Nvidia Vera BlueField-4 STX delivers autonomous AI storage processing with in-silicon security
Nvidia's latest DPU architecture promises 5x token throughput and 4x energy efficiency gains for AI inference workloads, with Supermicro among the first partners to ship compatible hardware.
Nvidia just unveiled a new storage architecture designed to solve one of AI’s most persistent headaches: getting data to the model fast enough. The BlueField-4 STX, announced at GTC on March 16, 2026, combines a storage-optimized data processing unit with Nvidia’s Vera CPU, ConnectX-9 SuperNIC, and Spectrum-X Ethernet into a single modular reference design.
The pitch is straightforward. Instead of forcing traditional CPUs to handle the increasingly brutal demands of AI storage workloads, offload that work to purpose-built silicon. Nvidia claims the result is up to 5x token throughput, 4x better energy efficiency, and 2x faster data ingestion compared to conventional CPU-driven systems.

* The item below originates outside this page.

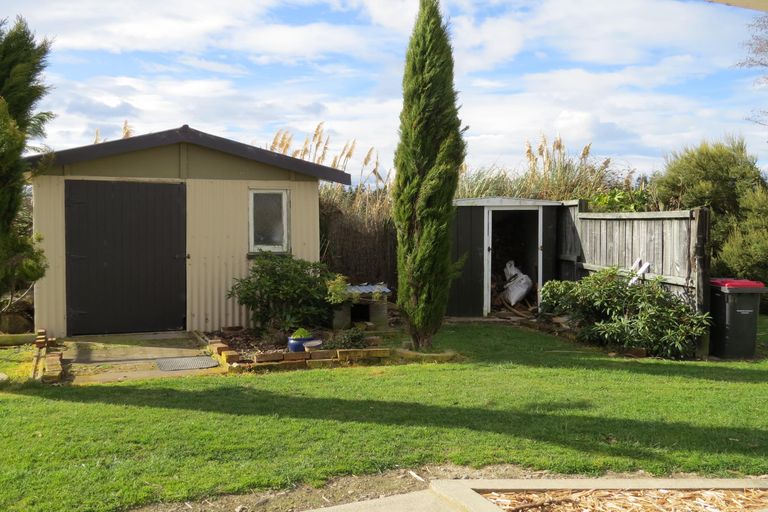Photo of property in 76 Hakataramea Highway, Waimate, 7977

What the BlueField-4 STX actually does
BlueField-4 STX handles storage processing autonomously, offloading key-value cache and vector database tasks that would otherwise compete for GPU resources. This matters particularly for what Nvidia calls “long-context, agentic AI inference” — workloads where AI models need to maintain massive context windows and execute multi-step reasoning chains.
The architecture also features what Nvidia describes as in-silicon security, baking data protection directly into the hardware layer rather than relying on software-based solutions that can introduce latency and attack surfaces.

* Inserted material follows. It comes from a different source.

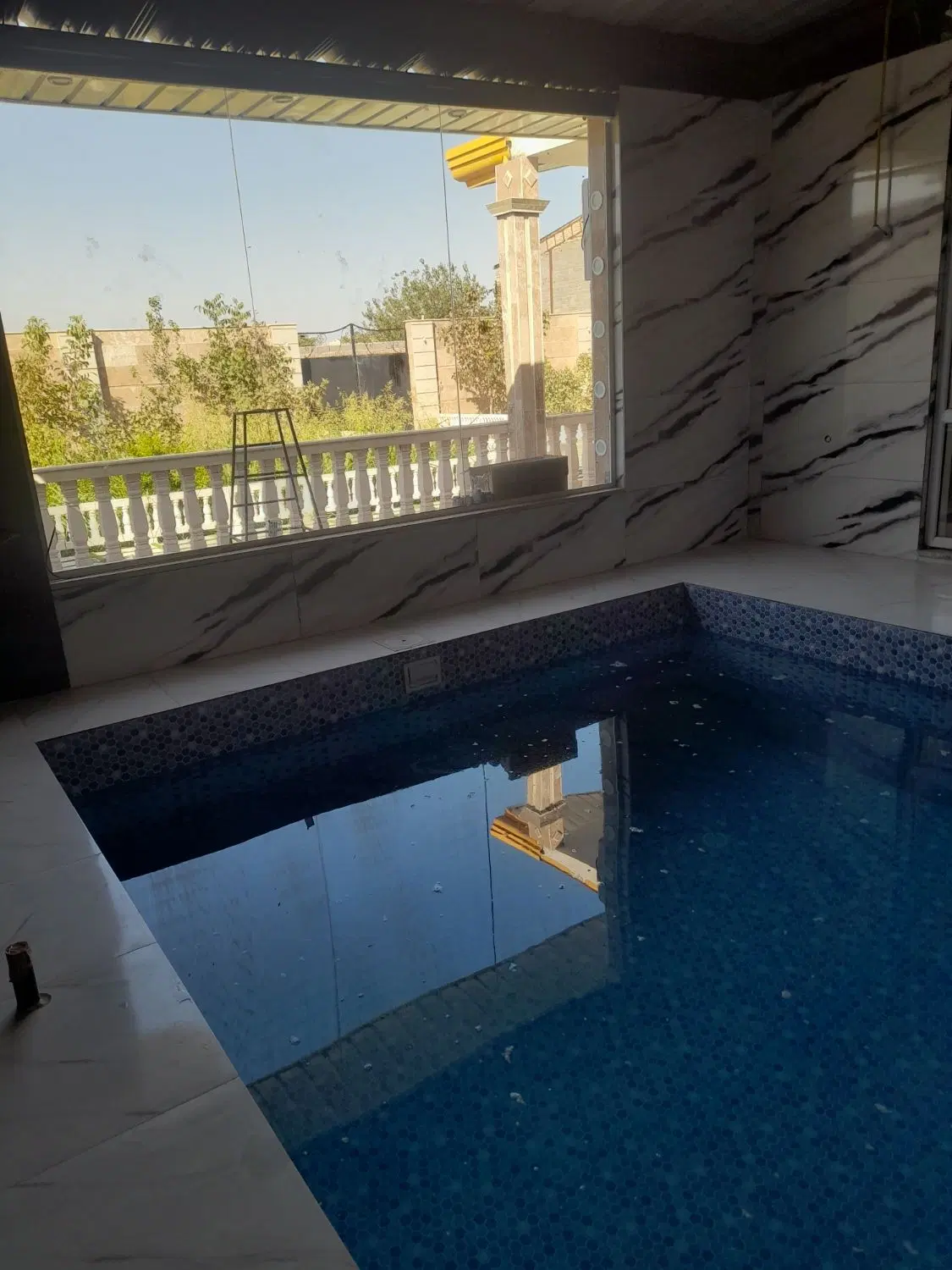 اجاره ویلامبله استخرسرپوشیده نوساز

The first full rack-scale implementation of this design is the Nvidia CMX context memory platform. It functions as a dedicated low-latency storage tier that extends GPU memory, providing a place to offload inference context without the performance penalties of reaching out to conventional storage.
Partners are already building
Supermicro unveiled BlueField-4 STX-compatible storage servers on March 17, just one day after Nvidia’s announcement. Nvidia has also named Cloudian and DDN as key partners in the BlueField-4 STX ecosystem. Eight cloud and AI providers have committed to deploying the new architecture early, though specific names beyond the initial partners haven’t been disclosed.
This release builds on the BlueField-3 Petascale JBOF arrays that Nvidia introduced in 2025, and follows a CES 2026 preview of BlueField-4 storage solutions. The trajectory from BlueField-3 to BlueField-4 STX represents a shift from petascale storage acceleration to fully autonomous storage processing.
What this means for the AI infrastructure market
The 5x token throughput claim is particularly notable because it suggests that storage, not compute, has been the binding constraint for certain inference workloads. A 4x improvement in energy efficiency directly affects the economics of running AI at scale, changing the math on which deployments are financially viable given existing data center power constraints.